Task data:
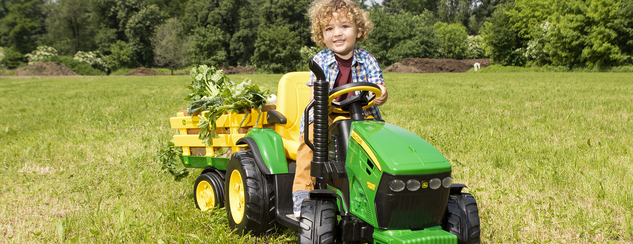 Peg-Pérego John Deere Ground Force s vlečkou 12V - 330W zelená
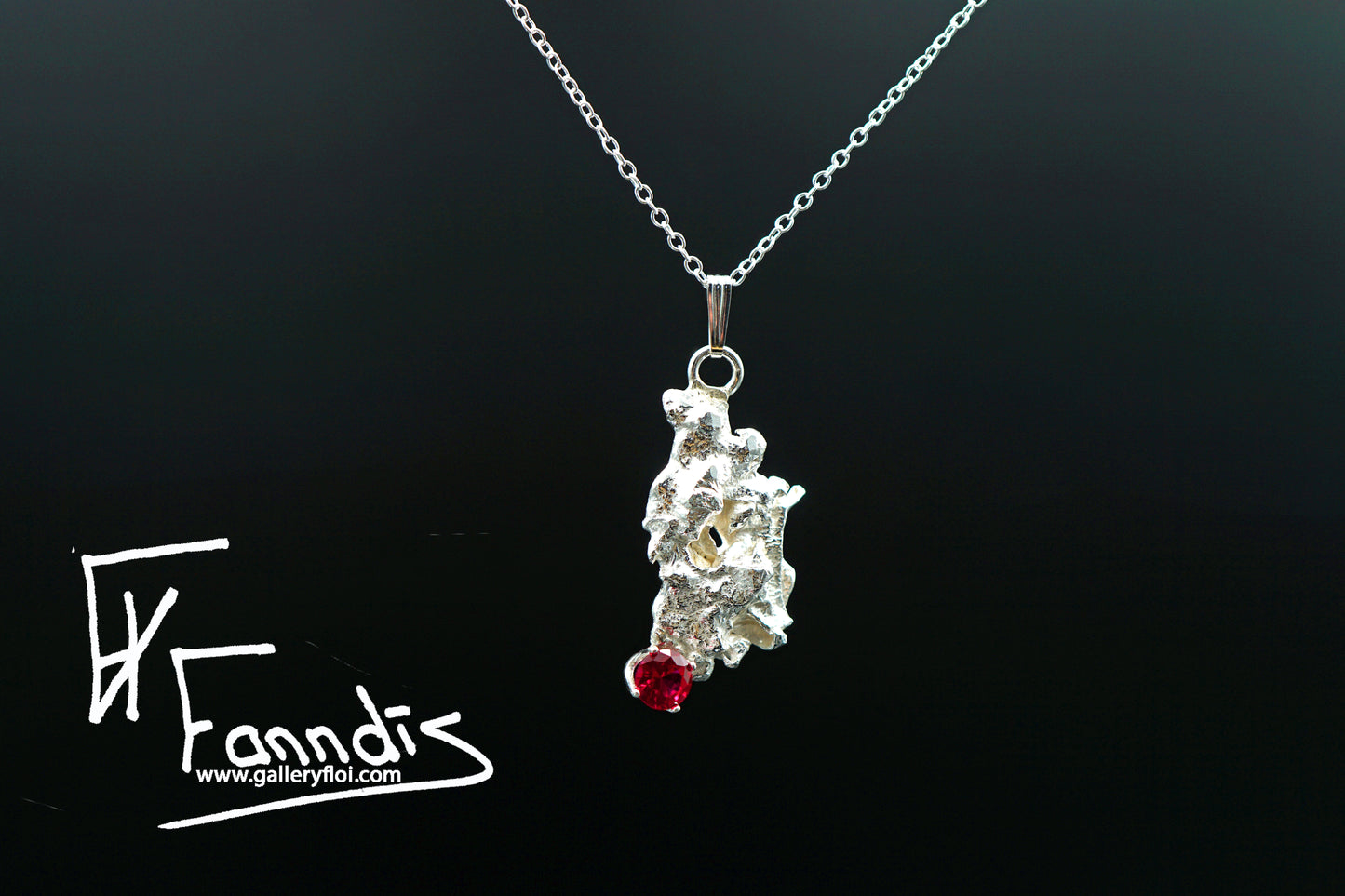 Sterling silver necklace with cubic Zirkonia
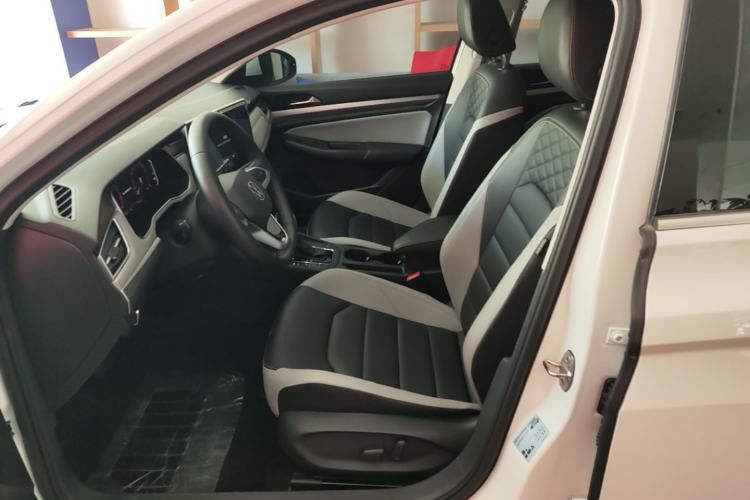 Used Volkswagen Bora 2023 300TSI DSG Prestige Edition Left Front Seat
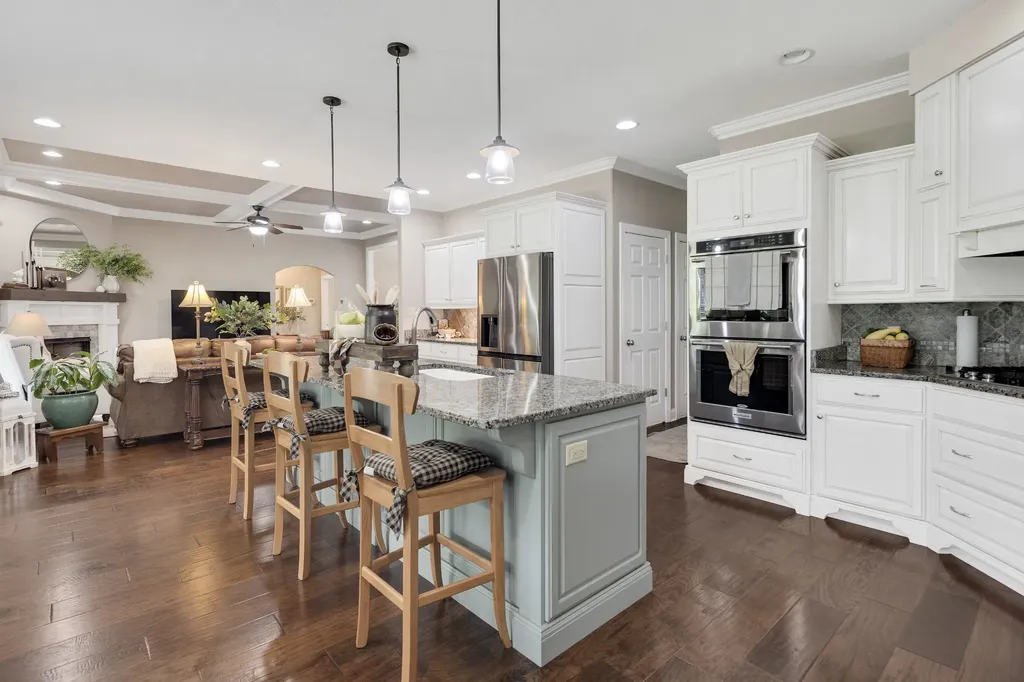 32 Sunhaven Drive Jackson TN 38305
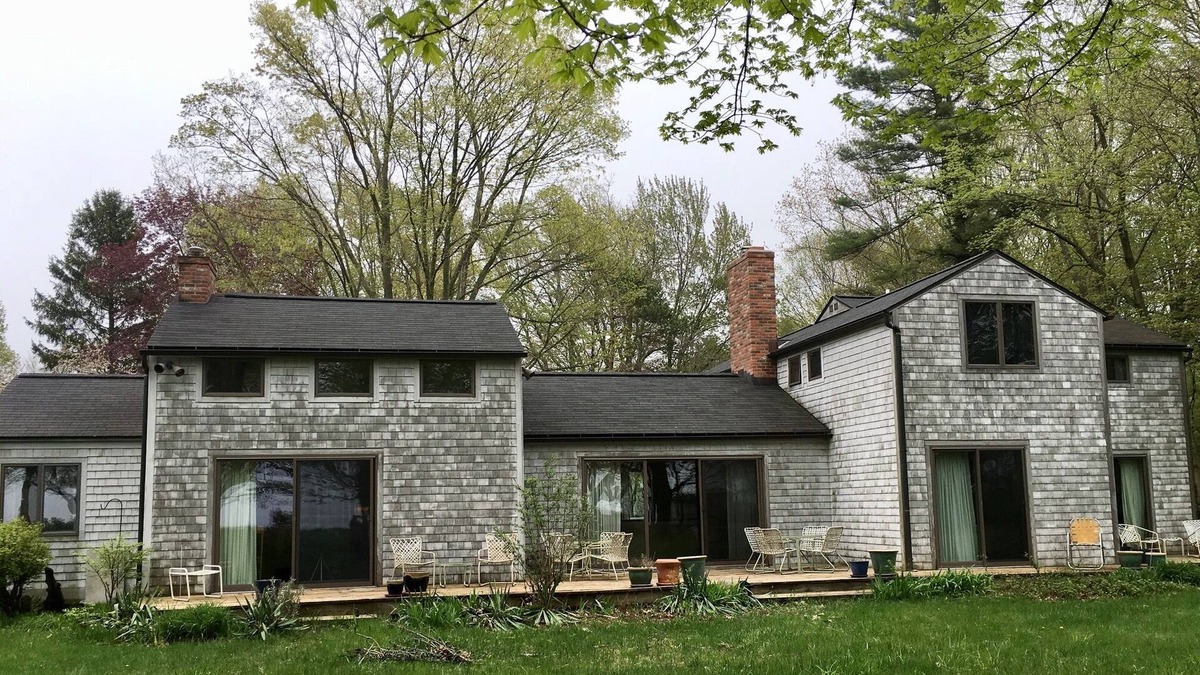 Holland House | Family Compound on Lake Michigan's Sandy Beaches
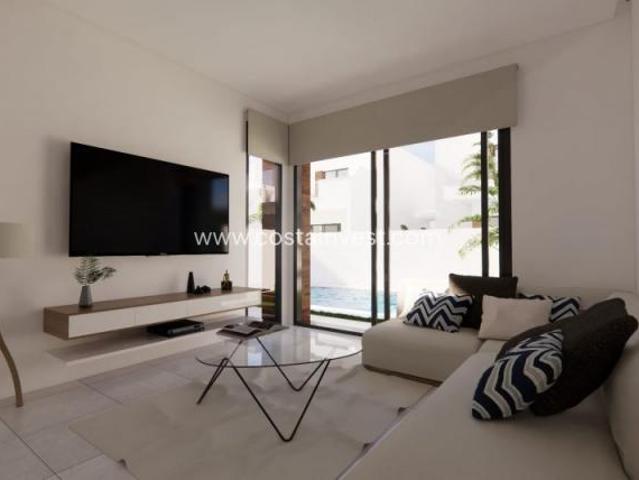 Villa en venta en Daya Vieja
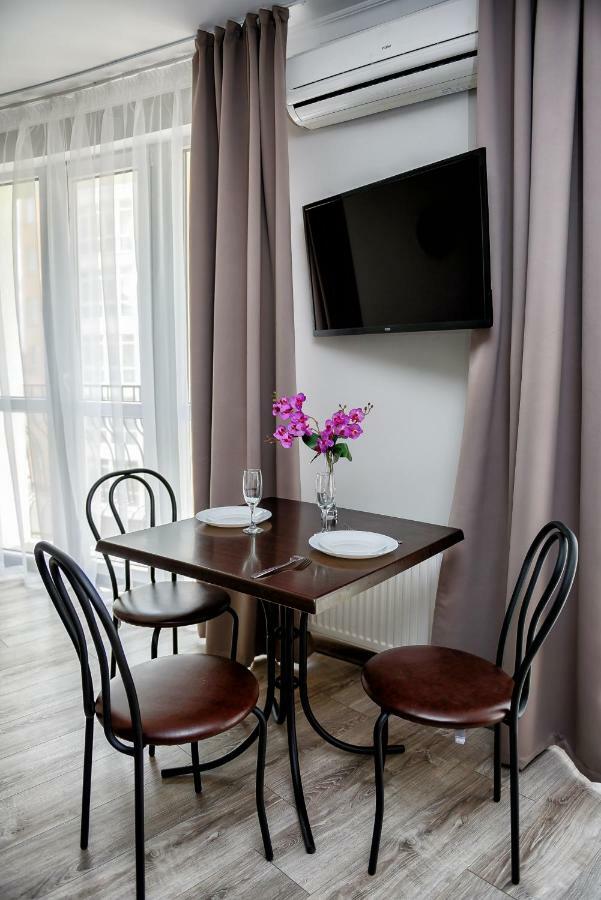 Apart Reserve Sloboda Loft Ивано-Франкивск Екстериор снимка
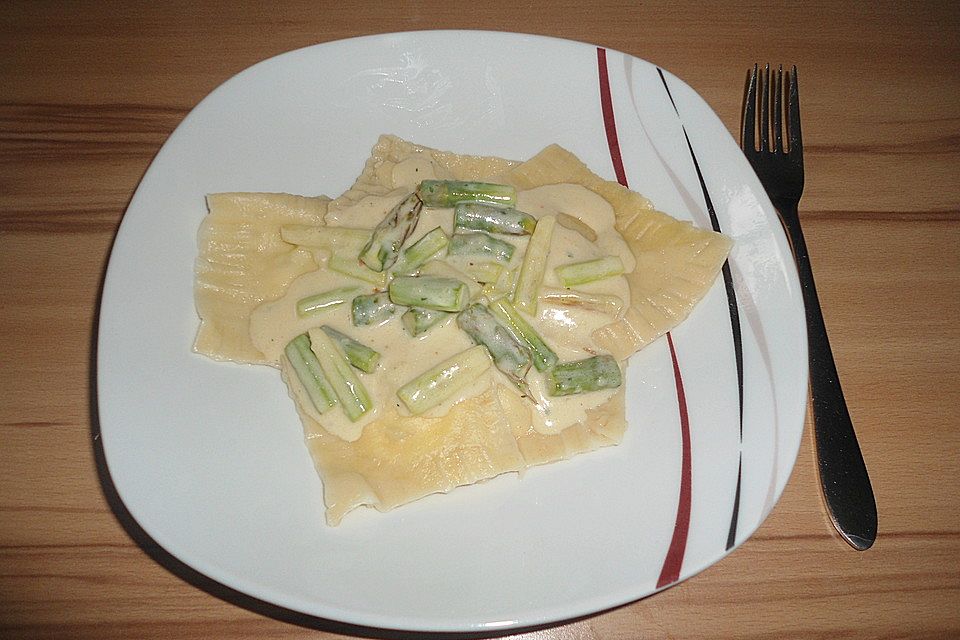 Spaghetti mit grüner Spargel-Sahnesoße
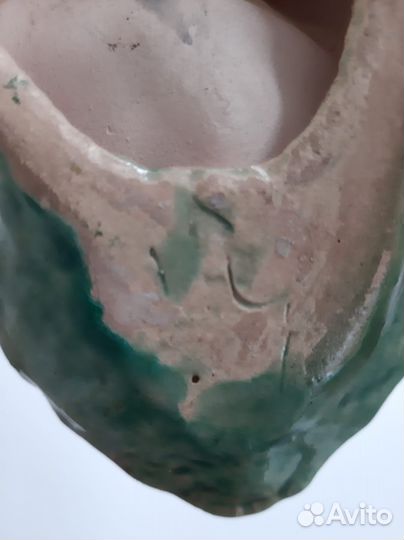 Нахохлившийся воробей, майолика Гжель, 1950-е гг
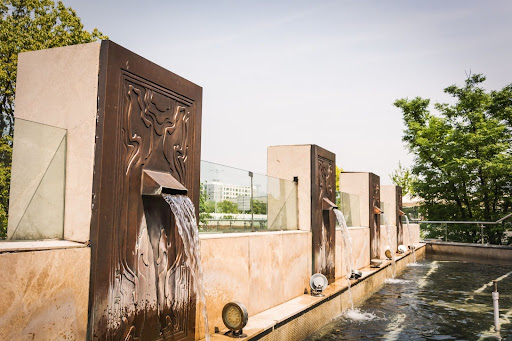 Wall Fountain Designs for Indoors and Outdoors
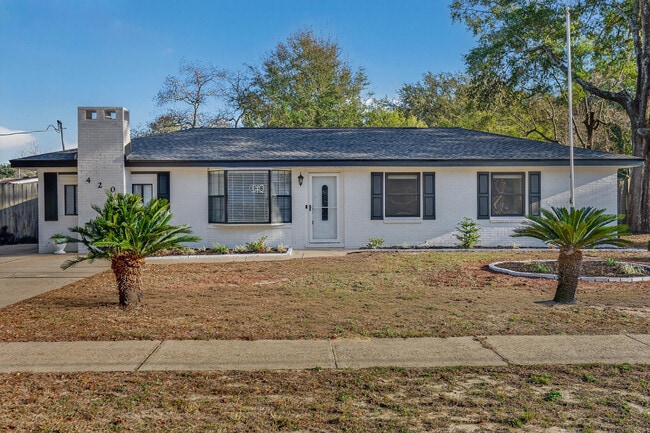 property at 420 Paradise Rd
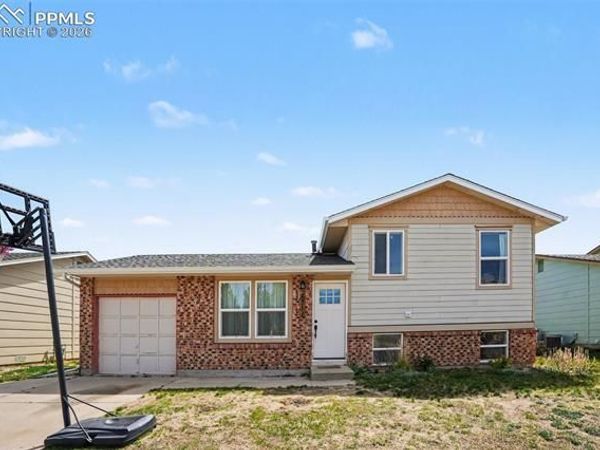 6711 Noble Street, Colorado Springs, CO 80915
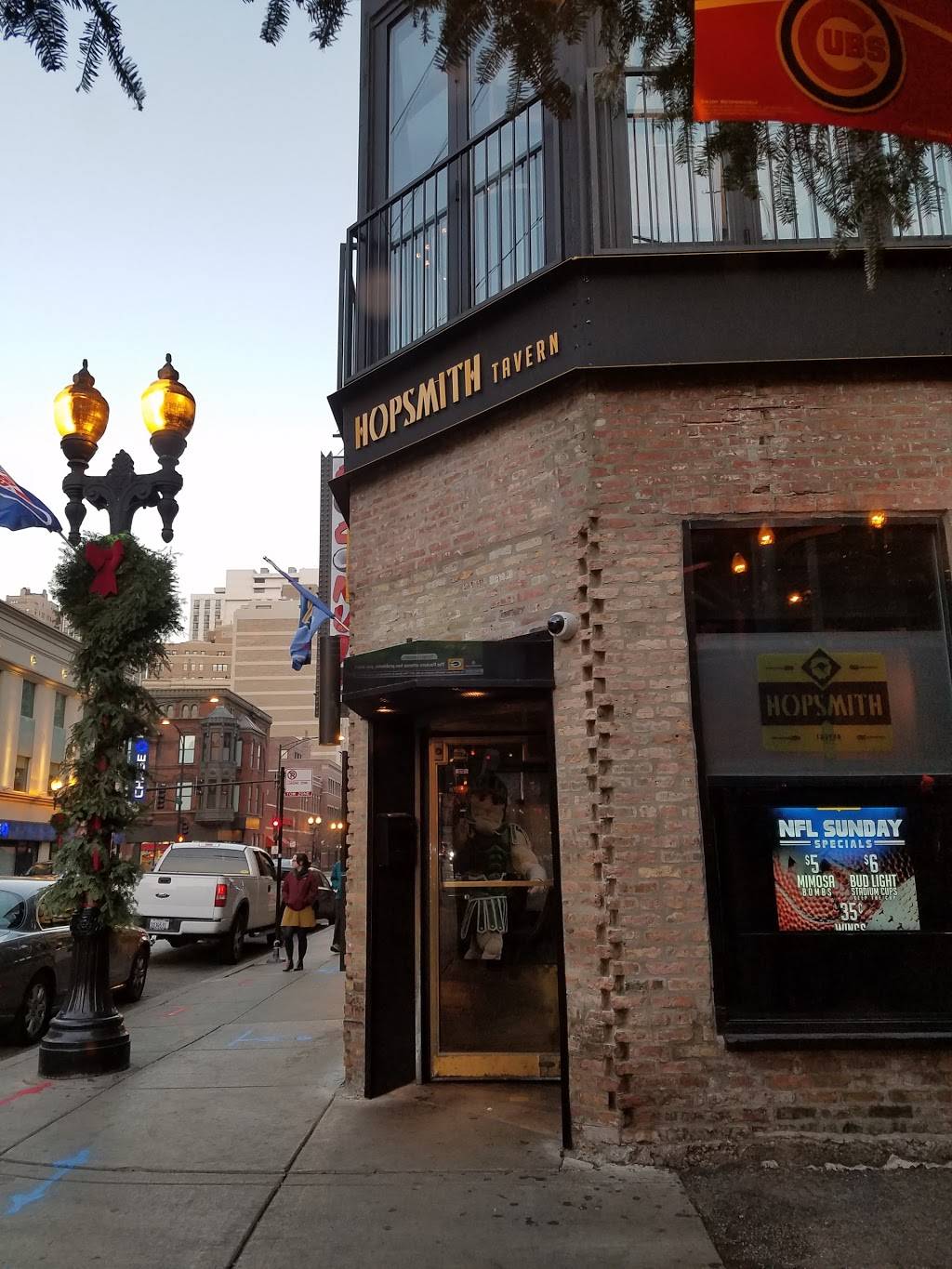 Hopsmith Chicago | restaurant | 15 W Division St, Chicago, IL 60610, USA | 3126009816 OR +1 312-600-9816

Work required: Return the lines exactly, from the one containing "Holland House |" through the last line above, including both ends and excluding every picture.

Task result:
 Holland House | Family Compound on Lake Michigan's Sandy Beaches
 Villa en venta en Daya Vieja
 Apart Reserve Sloboda Loft Ивано-Франкивск Екстериор снимка
 Spaghetti mit grüner Spargel-Sahnesoße
 Нахохлившийся воробей, майолика Гжель, 1950-е гг
 Wall Fountain Designs for Indoors and Outdoors
 property at 420 Paradise Rd
 6711 Noble Street, Colorado Springs, CO 80915
 Hopsmith Chicago | restaurant | 15 W Division St, Chicago, IL 60610, USA | 3126009816 OR +1 312-600-9816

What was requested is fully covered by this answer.